Ojo, que no dijo "fea", sino "feúcha", y el matiz es importante. No somos la típica urbe industrial carente de todo encanto. Hay cosillas que ver, no cabe duda. Tenemos una Plaza Mayor bastante maja, con su calle homónima por la que da gusto pasear (a primeras horas de la mañana o bien entrada la noche, únicos momentos en los que la densidad de viandantes permite avanzar metros con algo de tranquilidad). Tenemos una Puerta del Vodafone Sol en la que admirar el reloj y el luminoso de Tío Pepe mientras se esquivan carteristas. Tenemos un templo egipcio auténtico en plena calle, porque somos así de chulos. Tenemos un Palacio Real sin reyes, que han preferido alejarse del bullicio y mudarse a la periferia, aprovechando que el traslado no les sale muy caro. Tenemos una Gran Vía, antaño versión ibérica de Broadway, hoy versión al aire libre de cualquier centro comercial. Tenemos, qué duda cabe, un patrimonio de museos que es la envidia del mundo entero, y que se conocen mucho mejor los forasteros que los indígenas.

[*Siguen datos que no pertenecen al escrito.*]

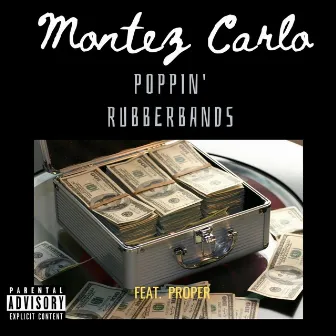 Poppin' Rubberbands by Montez Carlo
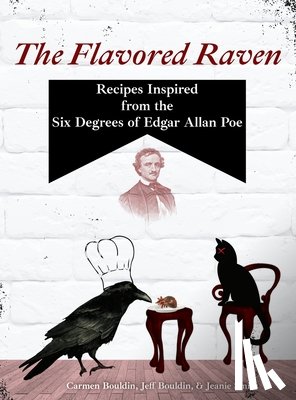 Bouldin, Carmen, Bouldin, Jeff, Smith, Jeanie - The Flavored Raven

La Navidad la adornamos con esa cosa; imagina el resto
Y ya está. Para de contar. Alguna avenida arbolada, alguna iglesia pintoresca, algún parque mejor o peor cuidado. Nada que no haya, en mayor o menor cuantía, en cualquier otra ciudad mediana de toda Europa. Carecemos de una catedral que sobrecoja hasta al más herético de los ateos, no hay ningún gran monumento reconocible en todo el mundo (lo más parecido es la puerta de Alcalá, que a pesar de la canción de Víctor Belén y Ana Manuel, estarás conmigo en que no es gran cosa). El panorama no es muy halagüeño si se tiene en cuenta que uno de los puntos más visitados es el estadio del tercer clasificado en la última Liga de fútbol.

Aunque no lo queramos reconocer abiertamente, en el fondo somos conscientes de que no tenemos gran cosa que ofrecer al turista, más allá del hecho de ser "la capital". Por eso solemos vendernos apelando al "carácter de sus gentes", a la "simpatía", al "todo el mundo es bienvenido, nadie es extranjero". Estaría bueno. Pruébalo con tus amigos, o contigo mismo si eres de aquí, a ver a cuántos conoces que, entre sus cuatro abuelos, no tengan algún inmigrante de algún pueblo más o menos lejano. Yo me muevo en círculos variados, o eso intento, y los que he encontrado se cuentan con los dedos de una mano. De ahí que el madrileño puro, eso que llaman "gato", casi no exista, y por tanto tampoco tengamos tradiciones, ni cantos y danzas típicas (en serio, ¿quién baila el chotis?), ni siquiera comidas autóctonas (cocido se hace en toda España). Lo máximo que podemos aportar es la juerga nocturna, que de eso sí hay para aburrir. Quizás para defendernos de estas carencias se ha desarrollado lo que llamamos "chulería madrileña", que no es más que el orgullo barato del que no tiene nada mejor de que presumir.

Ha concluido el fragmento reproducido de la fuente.